Given information –
Segment Open
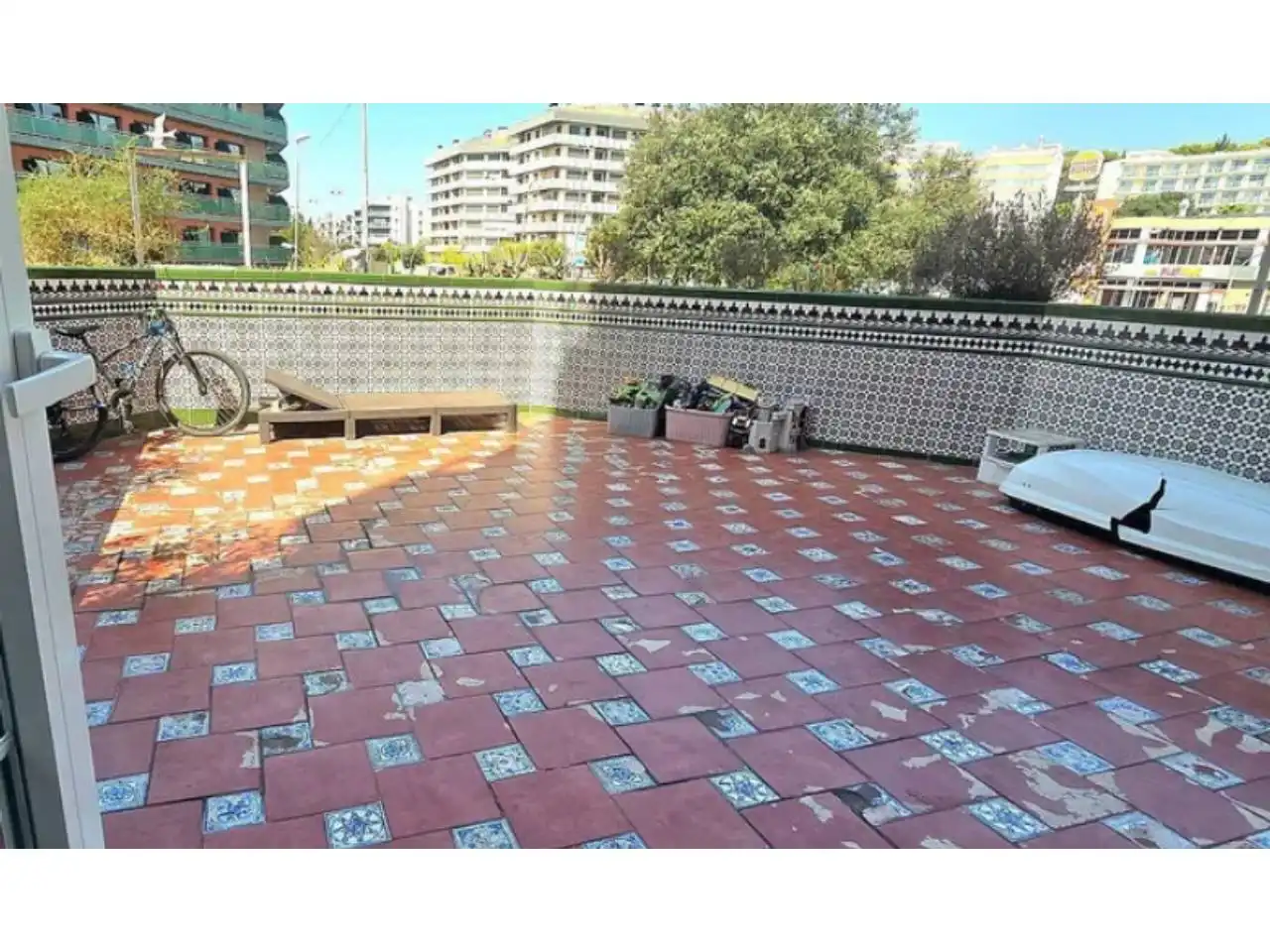 Piso con terraza en venta en Avenida América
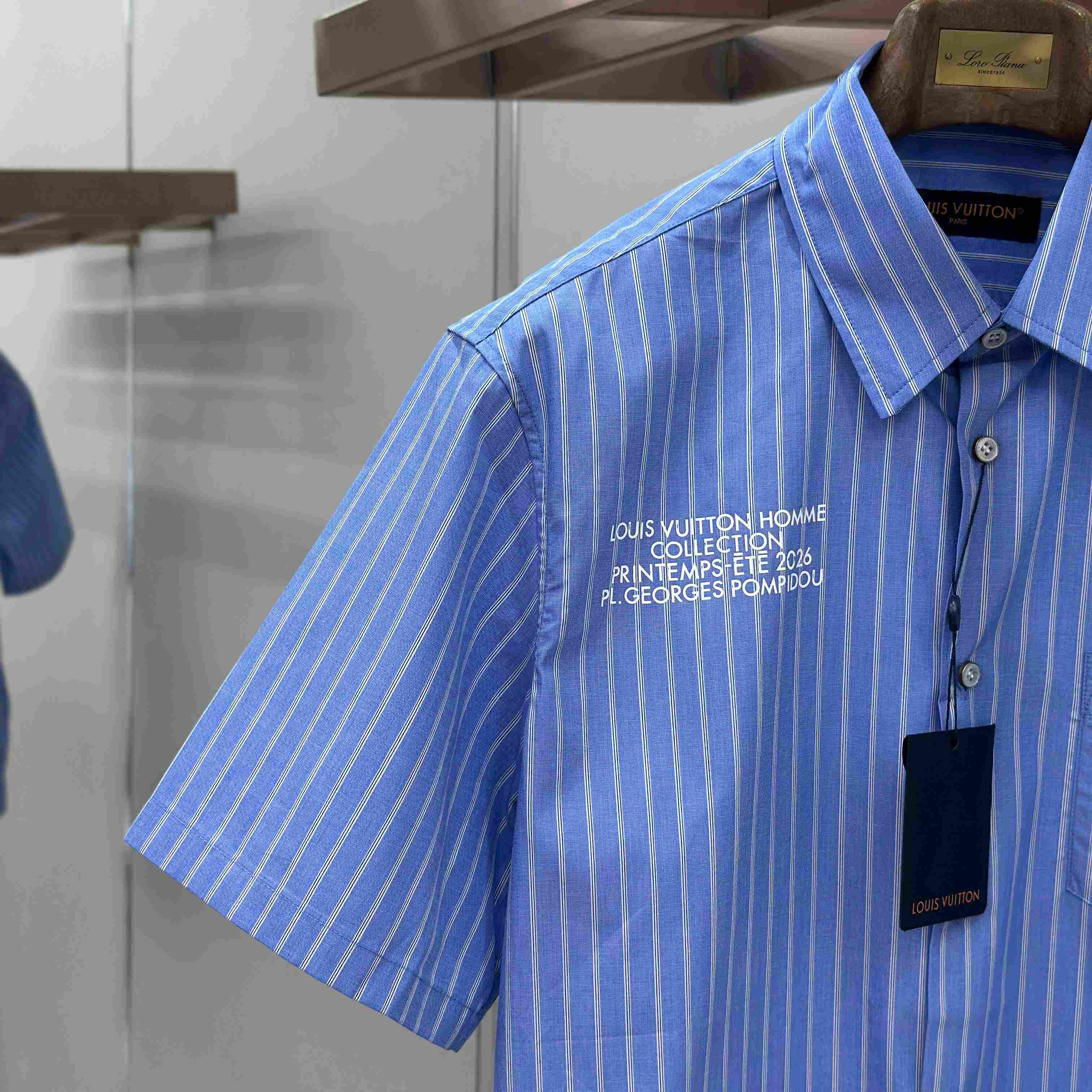 Louis Vuitton Short-Sleeved Shirt 1AJURK - DopestKickz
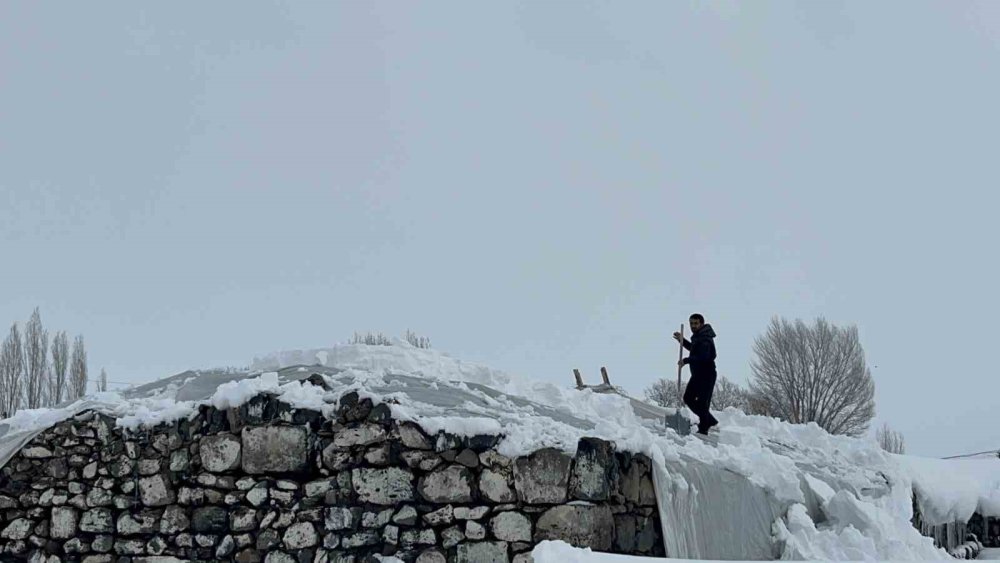 Akyaka'ın Kırsalında Zorlu Kış.. Ahırlarda Çökme Tehlikesi!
Segment Closed
What to work on – Retype the listing above exactly, pictures excluded.

Finished task –
 Piso con terraza en venta en Avenida América
 Louis Vuitton Short-Sleeved Shirt 1AJURK - DopestKickz
 Akyaka'ın Kırsalında Zorlu Kış.. Ahırlarda Çökme Tehlikesi!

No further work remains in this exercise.